Dataset section -
BEGIN
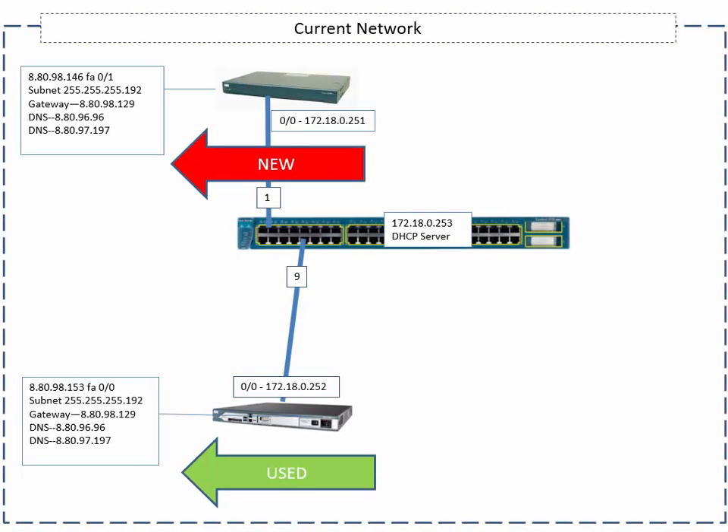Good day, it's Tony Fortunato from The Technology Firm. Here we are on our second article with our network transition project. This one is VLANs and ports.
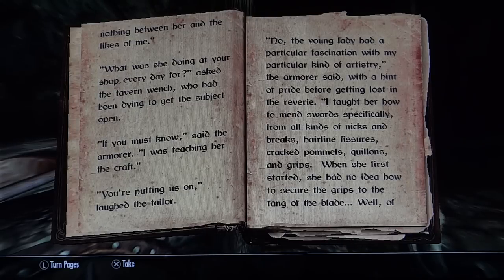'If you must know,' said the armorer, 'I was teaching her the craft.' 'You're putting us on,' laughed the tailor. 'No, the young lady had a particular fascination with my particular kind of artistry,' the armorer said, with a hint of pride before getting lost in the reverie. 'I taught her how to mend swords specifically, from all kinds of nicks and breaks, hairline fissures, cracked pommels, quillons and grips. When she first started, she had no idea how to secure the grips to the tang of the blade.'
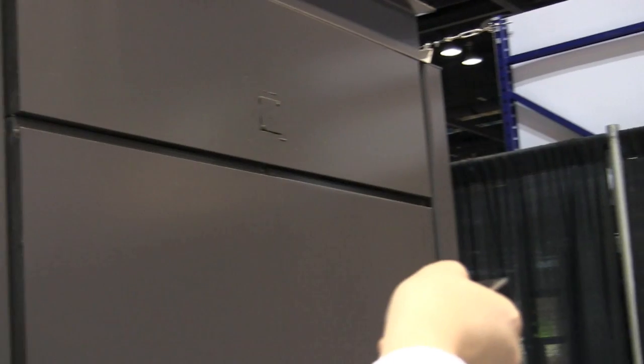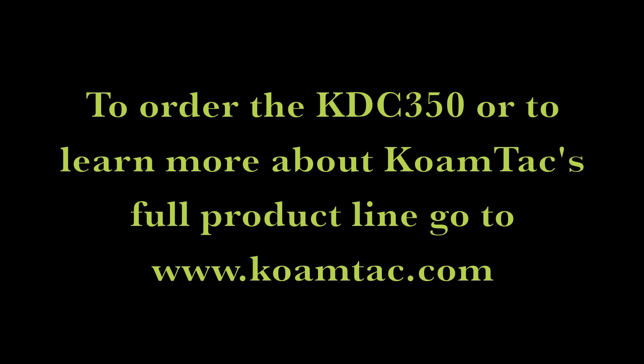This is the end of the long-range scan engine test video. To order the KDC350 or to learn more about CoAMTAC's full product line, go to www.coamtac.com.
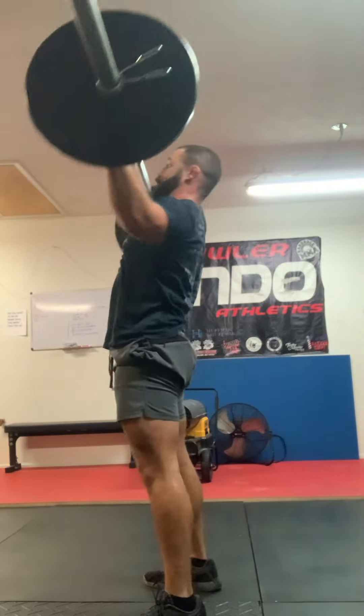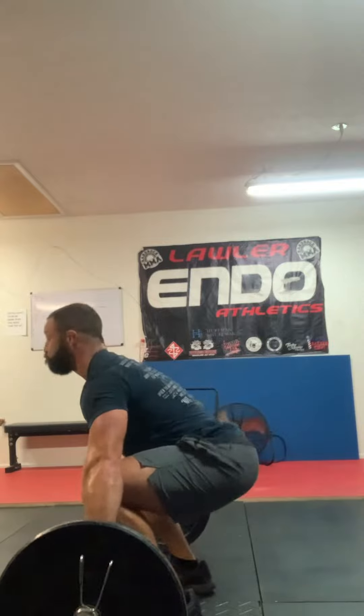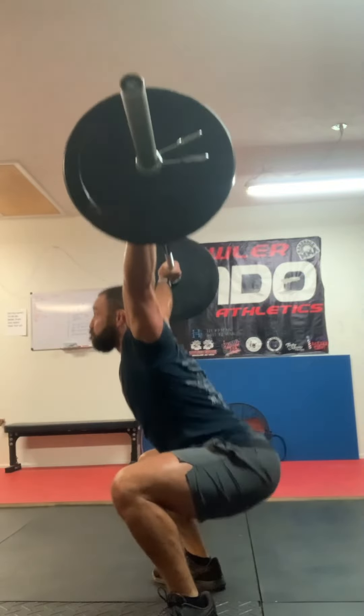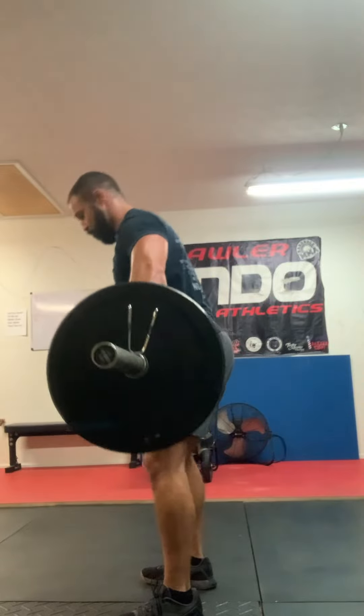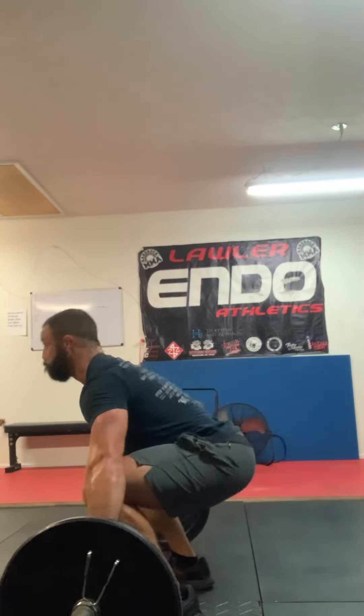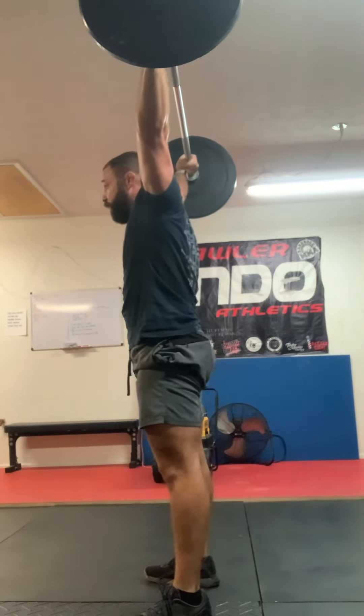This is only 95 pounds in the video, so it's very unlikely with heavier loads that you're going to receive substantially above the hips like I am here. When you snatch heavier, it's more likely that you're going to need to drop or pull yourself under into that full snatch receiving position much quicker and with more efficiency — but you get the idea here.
END
Exercise goal - Pictures in the material above should be skipped; print exactly the lines from the one with "of the blade.'" through the one with "This is the".

Completed task -
'If you must know,' said the armorer, 'I was teaching her the craft.' 'You're putting us on,' laughed the tailor. 'No, the young lady had a particular fascination with my particular kind of artistry,' the armorer said, with a hint of pride before getting lost in the reverie. 'I taught her how to mend swords specifically, from all kinds of nicks and breaks, hairline fissures, cracked pommels, quillons and grips. When she first started, she had no idea how to secure the grips to the tang of the blade.'
This is the end of the long-range scan engine test video. To order the KDC350 or to learn more about CoAMTAC's full product line, go to www.coamtac.com.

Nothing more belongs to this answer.